YOUR ASSIGNMENT ▸
Set down exactly the lines from the first line of the records through the line that contains "2-Pack Stripes Socks", and leave every picture out.
***** SUPPLIED INFORMATION *****
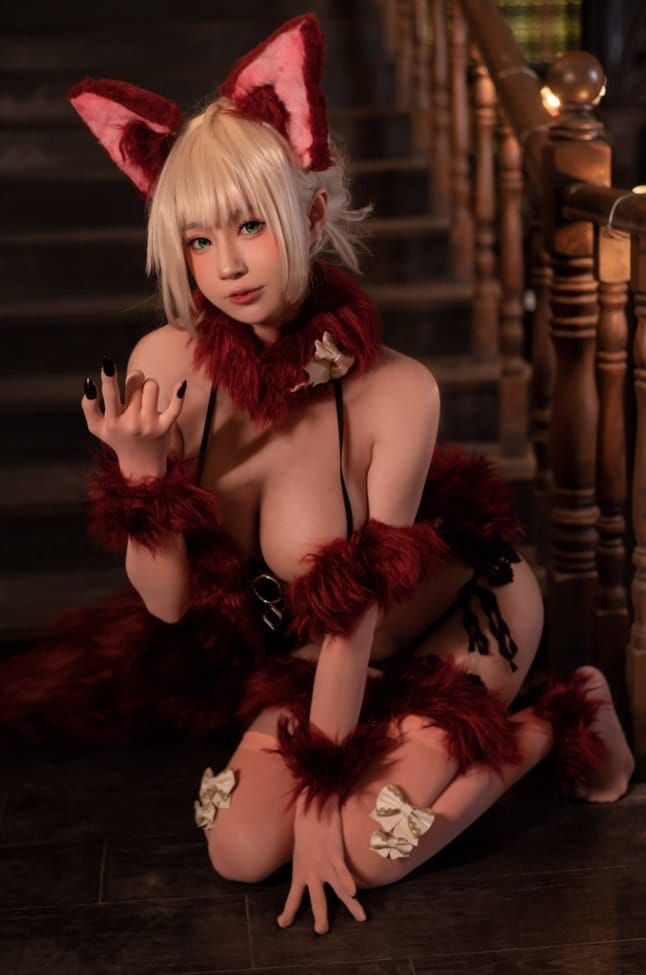 西园寺南歌 – NO.14 野兽尼禄[27P-136MB]-3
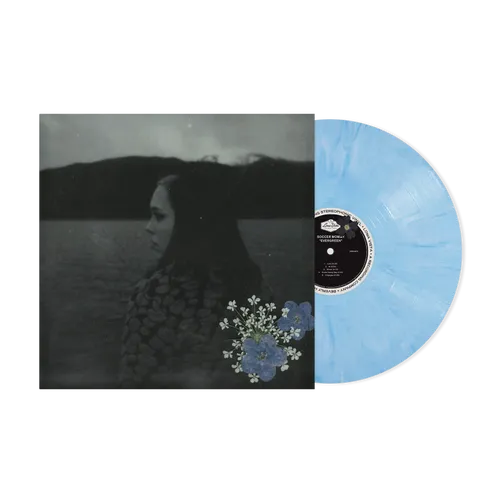 Soccer Mommy - Evergreen (Indie Exclusive Autographed Edition Sky Blue Marble Vinyl) {PRE-ORDER}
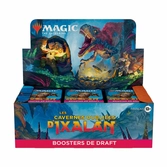Magic the gathering les grottes perdues d'ixalan présentoir boosters de draft (36) francais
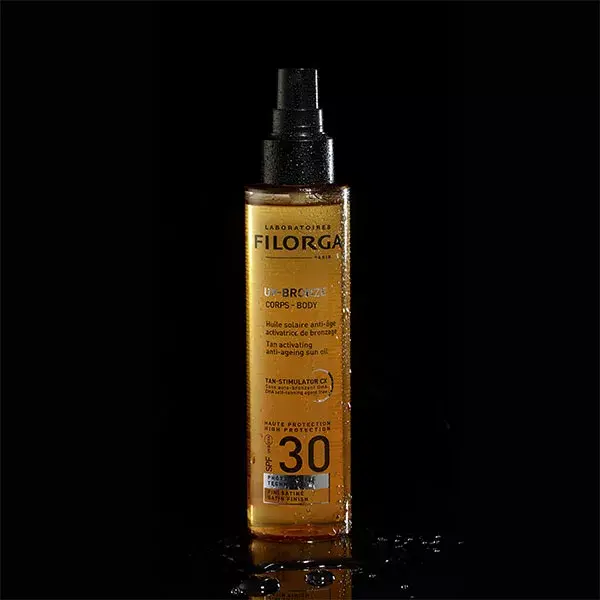Óleo Corporal Filorga UV-Bronze FPS 30 150ml
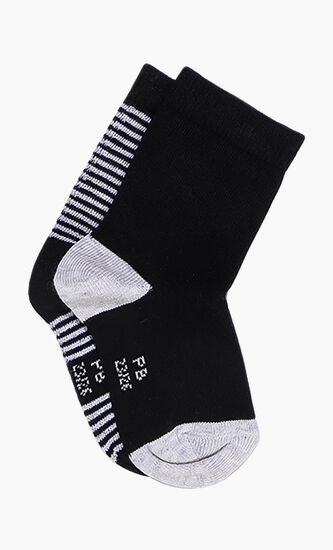 2-Pack Stripes Socks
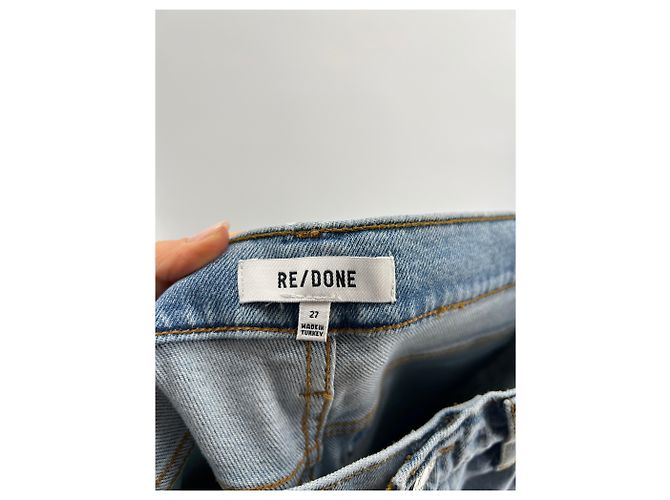 RE/DONE Jeans T.US 27 Algodón - vista 3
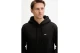 Tommy Jeans Flag Fleece Ανδρικό Φούτερ με Κουκούλα Μαύρο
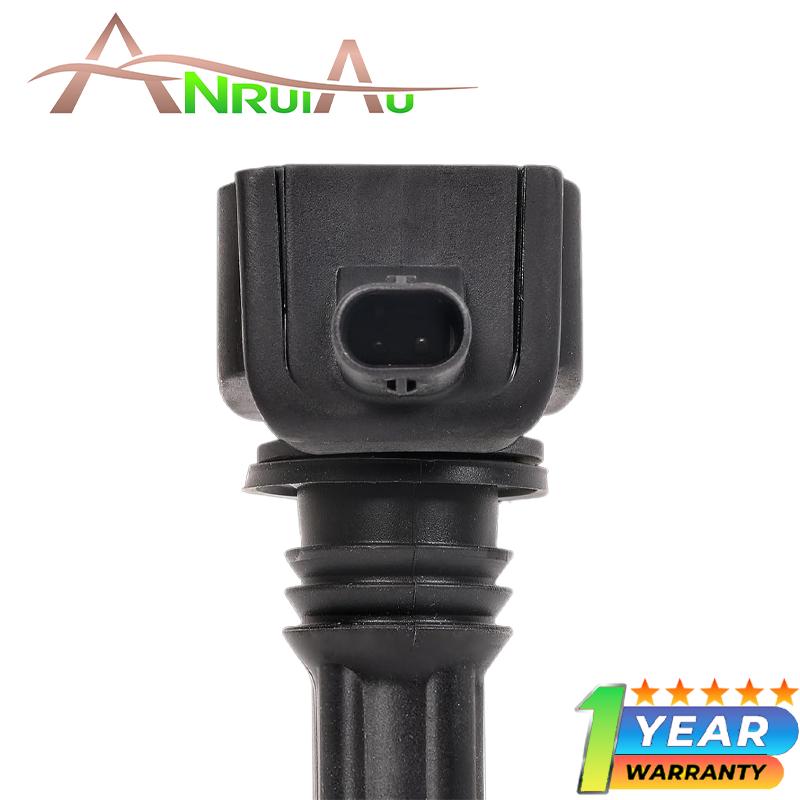 New Set of 6 Ignition Coils & 6 Iridium Spark Plugs UF648 For Chrysler Town & Country Dodge Grand Caravan Jeep Cherokee Ram 1500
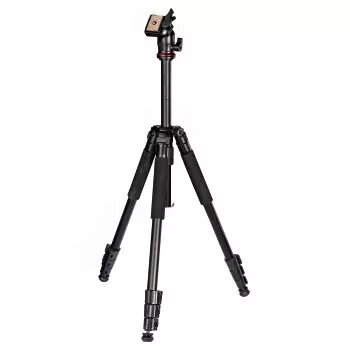 Hama Traveller 163 Ball statīvs digitālajām un filmu kamerām 3 kājas Melns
*****
PROBLEM SOLUTION ▸
 西园寺南歌 – NO.14 野兽尼禄[27P-136MB]-3
 Soccer Mommy - Evergreen (Indie Exclusive Autographed Edition Sky Blue Marble Vinyl) {PRE-ORDER}
Magic the gathering les grottes perdues d'ixalan présentoir boosters de draft (36) francais
Óleo Corporal Filorga UV-Bronze FPS 30 150ml
 2-Pack Stripes Socks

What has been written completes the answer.